Many emerging applications of data mining call for techniques that can deal with data instances with millions, if not billions of dimensions. Hence, there is a need for effective approaches to dealing with extremely high dimensional data sets.
This project focuses on a class of novel theoretically well-founded hashing algorithms that allow high dimensional data to be encoded in a form that can be efficiently processed by standard machine learning algorithms. Specifically, it explores: One-permutation hashing, to dramatically reduce the computational and energy cost of hashing; Sparsity-preserving hashing, to take advantage of data sparsity for efficient data storage and improved generalization; Application of the new hashing techniques with standard algorithms for learning "linear" separators in high dimensional spaces. The success of this EAGER project could lay the foundations of a longer-term research agenda by the PI and other investigators focused on developing effective methods for building predictive models from extremely high dimensional data using "standard" machine learning algorithms.
Broader Impacts: Effective approaches to building predictive models from extremely high dimensional data can impact many areas of science that rely on machine learning as the primary methodology for knowledge acquisition from data. The PI's education and outreach efforts aim to broaden the participation of women and underrepresented groups. The publications, software, and datasets resulting from the project will be freely disseminated to the larger scientific community.

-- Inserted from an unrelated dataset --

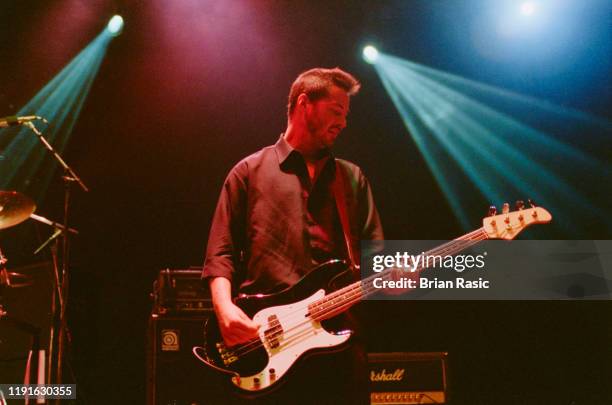 Actor and musician Keanu Reeves plays bass guitar with rock group Dogstar at Shepherd's Bush Empire in London on 16th July 1996.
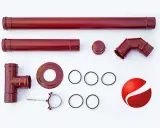 Schema corretto montaggio tubi stufa a pellet: componenti in metallo rosso scuro, tra cui tubi dritti, un raccordo a T, un gomito, tappi, guarnizioni e un supporto a muro.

This project has focused on developing novel, practical, and mathematically rigorous hashing algorithms for processing massive and extremely high-dimensional data, which are common in morden applications, for example, search engines. The core of the project is the development of "one permutation hashing", which is a safe replacement of "minwise hashing", the standard data processing algorithm used in search. Minwise hashing has been a popular tool for efficiently computing data similarities using small storage space. It is also a standard indexing tool to organize data in a way that allows searching for nearest neighbors in sublinear time (i.e., faster than linear scans).The drawback of minwise hsahing is that it needs to permute the data many (hundreds or thousands of) times. This preprocessing cost typically dominates many subsequent operations such as search and learning. Even though the preprocessing can be trivially paralelized, it is not an engergy-efficient solution. One permutation hashing solves the problem by doing only ONE permutation on the data and exploiting statistical properities which were not studied in the past. This dramatically reduces the processing cost by a factor of hundreds or thousands, depending on applications. One permutation can be used for both learning (e.g., building SVMs or logistic regression models) and sublinear time near neighbor search (i.e., indexing). However, in order to use it for indexing sparse data, we must address a crucial issue, that is, the existence of "empty bins". Basically, one permutation hashing works by breaking the space (after permutation) into bins and keeping the smallest nonzero entry in each bin. When the data are sparse, empty bins are not avoidable, in fact they can dominate when the data are extremely sparse. Our solution to this problem is "denisified one permutation hashing", by borrowing the neigbhoring non-empty bins. We have shown that this approach is mathematically rigorous and we have successfully used the method for indexing & sublinear time near neighbor search. In summary, this project is a successful in that we have developed "one permutation hashing" and "denisified one permutation" which are simple, practical, mathemetically rigorous, and can safely replace the standard data processing methods used in industry.